**WHAT NEEDS TO BE DONE:** Stopping at the line that holds "Doctor's Select Bamboo", repeat the lines below exactly, starting from the very first and including that final line.

**DATASET RECORDS:**

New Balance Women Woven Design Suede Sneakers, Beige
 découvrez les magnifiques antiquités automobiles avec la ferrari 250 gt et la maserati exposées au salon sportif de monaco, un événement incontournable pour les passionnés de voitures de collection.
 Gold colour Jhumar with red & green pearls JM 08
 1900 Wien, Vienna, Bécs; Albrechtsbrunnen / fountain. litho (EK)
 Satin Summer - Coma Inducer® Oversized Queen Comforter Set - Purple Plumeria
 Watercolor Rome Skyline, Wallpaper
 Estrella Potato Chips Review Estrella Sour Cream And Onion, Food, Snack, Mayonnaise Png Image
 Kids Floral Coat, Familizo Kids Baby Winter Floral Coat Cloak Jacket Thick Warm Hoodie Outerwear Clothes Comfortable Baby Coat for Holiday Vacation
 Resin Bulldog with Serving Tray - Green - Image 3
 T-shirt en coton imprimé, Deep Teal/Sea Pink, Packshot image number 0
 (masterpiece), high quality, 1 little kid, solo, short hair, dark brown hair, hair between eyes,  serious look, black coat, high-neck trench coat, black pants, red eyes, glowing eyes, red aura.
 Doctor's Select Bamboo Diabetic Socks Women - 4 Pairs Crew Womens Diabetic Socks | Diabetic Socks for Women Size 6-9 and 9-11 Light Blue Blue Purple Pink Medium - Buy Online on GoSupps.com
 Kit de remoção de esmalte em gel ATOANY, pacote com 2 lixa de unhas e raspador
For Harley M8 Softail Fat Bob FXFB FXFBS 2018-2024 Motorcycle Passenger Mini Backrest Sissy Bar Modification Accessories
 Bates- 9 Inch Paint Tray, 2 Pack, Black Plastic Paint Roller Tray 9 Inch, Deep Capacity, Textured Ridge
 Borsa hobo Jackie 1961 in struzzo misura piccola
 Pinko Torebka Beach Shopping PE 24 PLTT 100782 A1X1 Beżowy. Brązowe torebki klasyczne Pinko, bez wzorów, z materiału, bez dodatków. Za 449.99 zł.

**THE ANSWER:**
New Balance Women Woven Design Suede Sneakers, Beige
 découvrez les magnifiques antiquités automobiles avec la ferrari 250 gt et la maserati exposées au salon sportif de monaco, un événement incontournable pour les passionnés de voitures de collection.
 Gold colour Jhumar with red & green pearls JM 08
 1900 Wien, Vienna, Bécs; Albrechtsbrunnen / fountain. litho (EK)
 Satin Summer - Coma Inducer® Oversized Queen Comforter Set - Purple Plumeria
 Watercolor Rome Skyline, Wallpaper
 Estrella Potato Chips Review Estrella Sour Cream And Onion, Food, Snack, Mayonnaise Png Image
 Kids Floral Coat, Familizo Kids Baby Winter Floral Coat Cloak Jacket Thick Warm Hoodie Outerwear Clothes Comfortable Baby Coat for Holiday Vacation
 Resin Bulldog with Serving Tray - Green - Image 3
 T-shirt en coton imprimé, Deep Teal/Sea Pink, Packshot image number 0
 (masterpiece), high quality, 1 little kid, solo, short hair, dark brown hair, hair between eyes,  serious look, black coat, high-neck trench coat, black pants, red eyes, glowing eyes, red aura.
 Doctor's Select Bamboo Diabetic Socks Women - 4 Pairs Crew Womens Diabetic Socks | Diabetic Socks for Women Size 6-9 and 9-11 Light Blue Blue Purple Pink Medium - Buy Online on GoSupps.com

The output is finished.